LAND RECORDS DEPARTMENT
The land revenue system prevalent in Ahmadnagar district is rayatwari which is based on the complete survey, soil classification and settlement of assessment of every field.
Survey and settlement: The original revenue survey and settlement of different talukas in the district was completed between 1843 and 1852. The first revision settlement was completed between 1875
and 1889 and the second revision settlement between 1913 and 1923. The third revision settlement was introduced in Kopargaon and Sangamner talukas between 1923 and 1934.
The land revenue rates have not been revised since then inspite of the expiry of the term of the revision settlements.
In the original settlements, lands were assessed separately on the basis of individual soil classification, though the general level of assessment was fixed empirically with reference to the dependability of rainfall, crop-pattern, average yields, prices, rate of rents, nearness to the markets, facilities of communications and other similar factors observed from tract to tract.

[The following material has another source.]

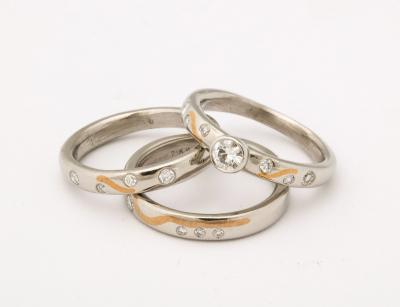 Set of Platinum Stacking Bands with Diamonds and Inlaid Gold
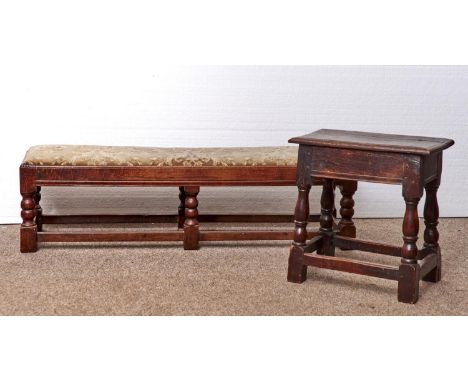 A JOINED OAK LONG STOOL, 17TH STYLE WITH MOULDED RAIL, ON SIX BOBBIN TURNED LEGS AND BLOCK FEET, WITH STRETCHERS, 30CM H; 32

Individual lands were never re-classified during the second revision settlements and the land-holders were generally allowed the benefits of improvements effected by them during the term of settlements un-taxed. The comparative incidence of land revenue from field to field is thus generally the same as it was at the time of the first revision settlement and the enhancements made from settlement to settlement were brought about only by raising the levels of land revenue assessments over a tract uniformly.
The method of land revenue assessment is broadly the same as in the other districts of Maharashtra. In the case of lands irrigated by wells and small bandharas, the land revenue is integrated and is inclusive of the charge for water supplied. For lands irrigated under Government canals, the land revenue at dry-land rates is assessed and recovered by the Revenue department while the water rate determined annually on the basis of actual crops raised is assessed by the Irrigation department and recovered by the Revenue department.
The areas and number of villages for each taluka in the district have varied from settlement to settlement. Inam or jagir villages had not been covered by most of them. In fact, some of the inam or jagir villages were unsurveyed and unsettled as late as in 1947. That work has now been completed. Because of such recently settled villages and because of the territorial changes in the taluka boundaries from time to time, most of the talukas to-day have a more varied pattern of land revenue assessments than what is seen in the reports of earlier settlements. Even then the maximum rates fixed at each settlement or revision settlement or the average land revenue rates per acre should be quite reliable in case of the incidence of land revenue as obtaining in the district from taluka to taluka or in the same taluka from settlement to settlement.
Record-of-Rights: The Record-of-Rights Law (contained in Chapter X of the
Land Revenue Code) was enacted in 1913. The Record-of-Rights has been introduced
in all the villages of this district (according to section 135-B(1) of the Land
The Record-of-Rights contains the following particulars:-
(a) the names of all persons who are holders, occupants, owners or mortgagees of the land or assignees of the rents or revenue thereof;
(b) the nature and extent of the respective interests of such persons and the conditions or liabilities attached thereto;
(c) the rent or revenue (if any) payable by or to any of such persons;
(d) the names of tenants and mode of cultivation; and
(e) such other particulars as the State Government may prescribe under the rules made in this behalf.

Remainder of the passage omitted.